The only thing I'm concerned about using on an NPT is the wavemaker. It has two adjustable heads (6000lph each) so that the flow can be spread out but I'm worried it will still be too much. 

For the substrate I have John Innes No 3 (planning on an inch to inch and a half), to be topped with 1mm-2mm grade pool filter sand (about an inch and a half).

As for the plants, thanks to a very useful contact I have access to pretty much whatever I want at half price, so I can put a nice chunky bulk order in.

The main thing I'm after is advice on the wavemaker, really. However, if any of you see anything wrong with the rest of my plan please feel free to chime in.

Oh, and I was wondering about how this sort of system would cope with just a couple of large fish (such as Channa pulchra) instead of the usual stocking of schools of smaller fish. So any advice on that would also be appreciated.


----------



## Michael (Jul 20, 2010)

Hi Dogsout, and welcome to APC!

You must be from the UK, no one sells John Innes on this side of the pond--too bad!

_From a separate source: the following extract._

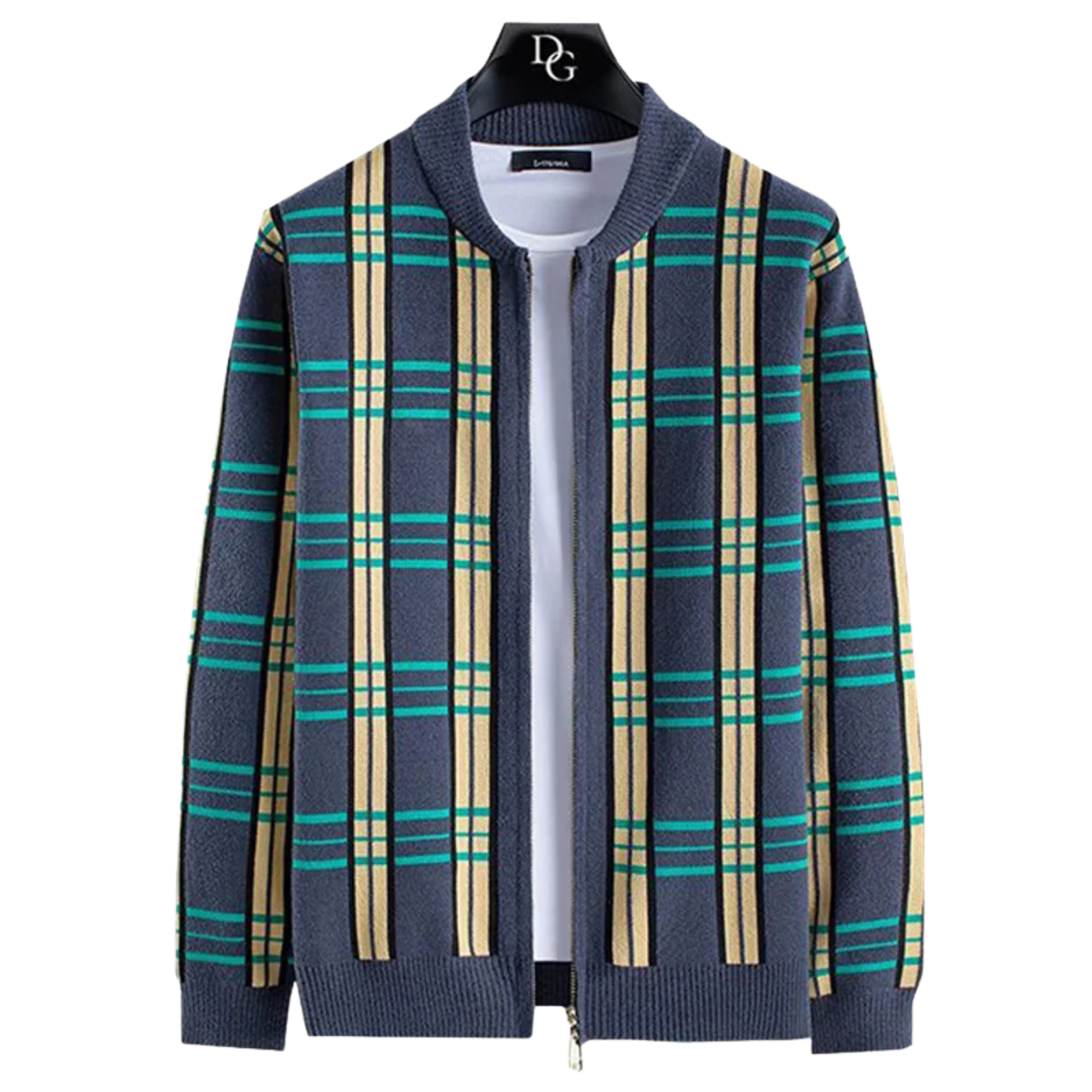 Men's plaid knit cardigan full-zip heavyweight wool-blend tailored fit bold vertical pattern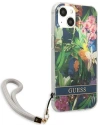 Wholesale Guess GUHCP13SHFLSB Apple iPhone 13 mini blue hardcase Flower Strap - GUE1773BLU - {ean13} - Hurt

I like lots of flow in my tanks, 10X total volume per hour. With your filter and wave maker you have about 3,500 gph or about 28X per hour. This might be too much! The biggest problem is likely to be uprooting the plants before they establish. Can you run just one power head of the wave maker at a time?

As for a few big fish vs. lots of smaller ones, again the biggest problem is likely to be mechanical damage--digging or eating. I had to look up your Channa on Seriously Fish, a great article at http://www.seriouslyfish.com/channa-orientalis-bloch-schneider-1801/

My only suggestion is to make the cap deeper, maybe 2"-3", and let the plants root in very well before adding the fish. You might also stick species that are known for strong root systems.

This sounds like a really interesting project--I love it when people set up planted tanks for fish not normally kept in them. Please keep us updated.


----------



## dogsout (Feb 2, 2013)

Thanks for the reply. Yes, I'm from sunny England! 

Channa generally love heavily planted tanks, and most species don't dig. I don't think I'll be able to use the wavemaker, will I? Even if I direct it so that the flow is reduced somewhat, it's still going to be too much. It would be way too much for Channa, anyway. Not that I've decided what to stock yet; they were just an idea I've been toying with.

Would the flow from the filter (on its own) be enough for the tank? Perhaps I should dig the book out and check what was said about flow in there.


----------



## dogsout (Feb 2, 2013)

edit: doh!


----------



## Michael (Jul 20, 2010)

Many people would say that the filter by itself at 4X the tank volume per hour would be fine. But I am persuaded that more flow is better. In either case, it is easy to increase the flow with a simple power head later.

How much volume of media will your filter and booster hold? This sounds like a great set-up to me. I like lots of media, and use biofiltration almost exclusively.


----------



## dogsout (Feb 2, 2013)

Well, all I can find about the canister is that it holds 20 litres of water. What that equates to in terms of media, I don't know. The booster holds 1.2 litres but during the process of finding that information out, I also found out that it isn't compatible with the EF 2000. That's pretty annoying, given the fact that it is advertised as being compatible with the entire EF range. I've contacted APS to discuss my options.


----------



## Michael (Jul 20, 2010)

That should be OK. A lot depends on your stocking rate, and the resulting need for biofiltration.


----------



## dogsout (Feb 2, 2013)

There may be a change of plans afoot! I've been given the go-ahead to get another tank. It'll likely weigh in somewhere around 30 gallons. I've now got to decide which will be planted, and which one to chuck the cichlids in.


----------